Nicky Shaw’s clever designs are composed of a half-dozen faceless structures — a door, steps, a wall of blanked windows — and textured so as to change with the light: mustard by day, Gitanes-blue by night. With a cast of 14, every performer has a character and Bizet’s chorus writing is lent madrigalian transparency. The interplay between Moralès (Jan Capinski), Zuniga (Simon Wilding) and the other soldiers is a treat. Pleasing, too, to see a Carmen who enjoys the company of women, singing the first verse of the Habanera with her arms around the shoulders of Daisy Brown’s Frasquita and Marta Fontanals-Simmons’s Mércedès.

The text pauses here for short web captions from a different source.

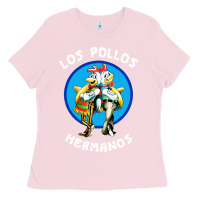 Bubblegum Pink los pollos hermanos classic Ladies Tee - artisFamous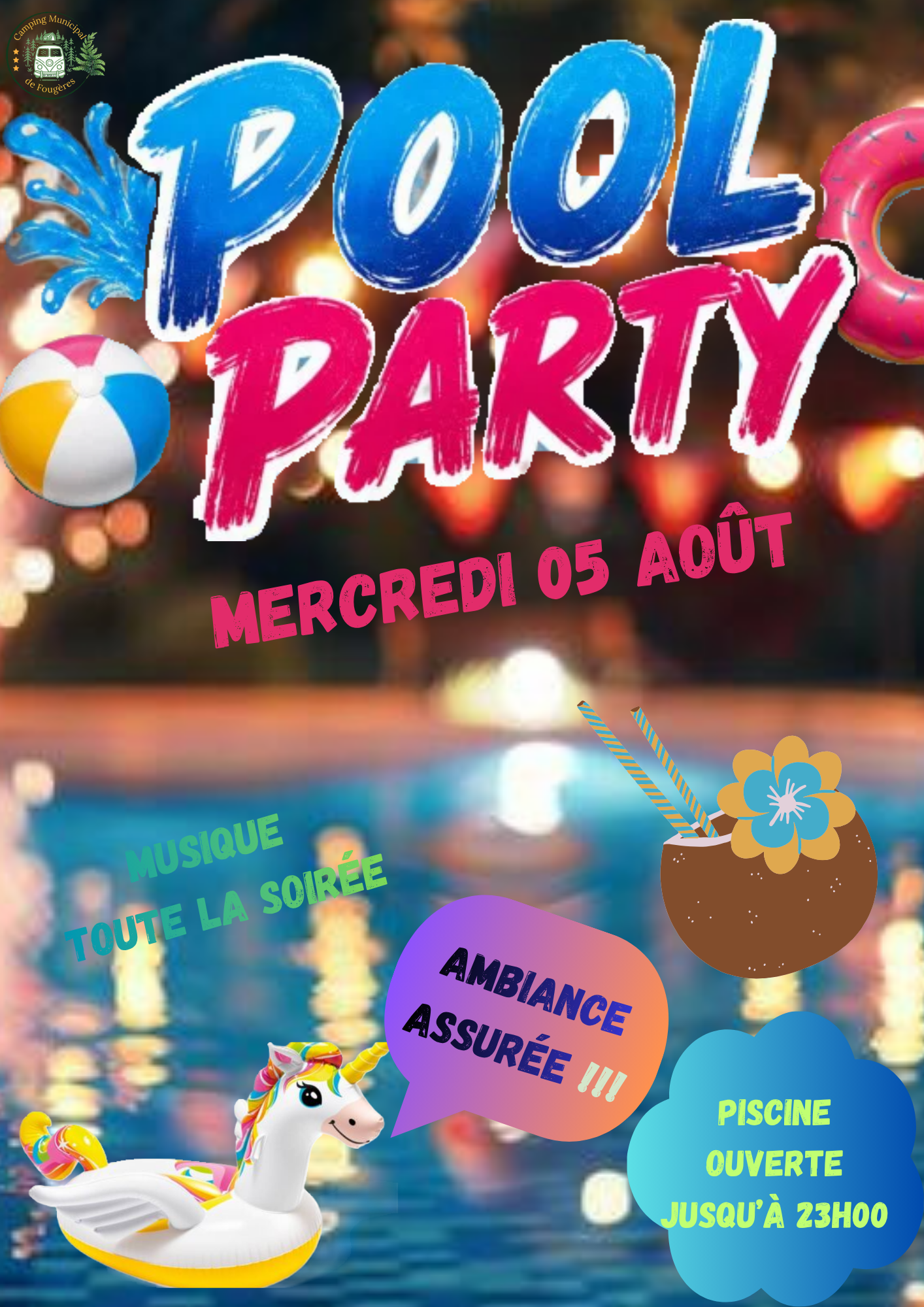 Pool party 05 aout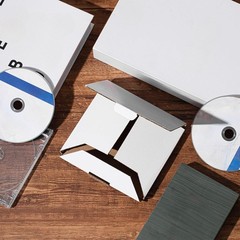 50 Pcs 5 5/8″L X 5″W X 7/16″H Cd Mailer Box Cd Shipping Boxes Corrugated Mailing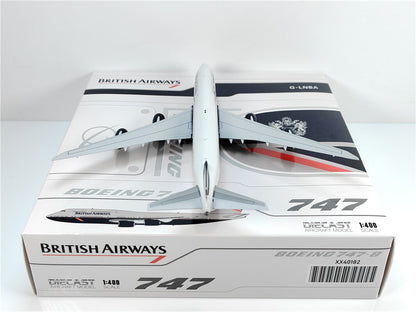 1:400 JC Wings BRITISH AIRWAYS BOEING B747-8i Passenger Airplane Diecast Model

Now the negatives: under-rehearsal or unclear gestures from conductor Nicholas Cleobury saw some ragged entries from the 11 instrumentalists. McNeff’s reorchestration jolts between sound worlds: now Bizet, now Ravel, now Weill. Bremner’s translation is anachronistic, using argot unheard in the 1870s or the 1940s. The spoken dialogue features accents from Australian to Welsh to Portuguese. With two dozen more performances, there is time to finesse the infelicities. The basics are already in place.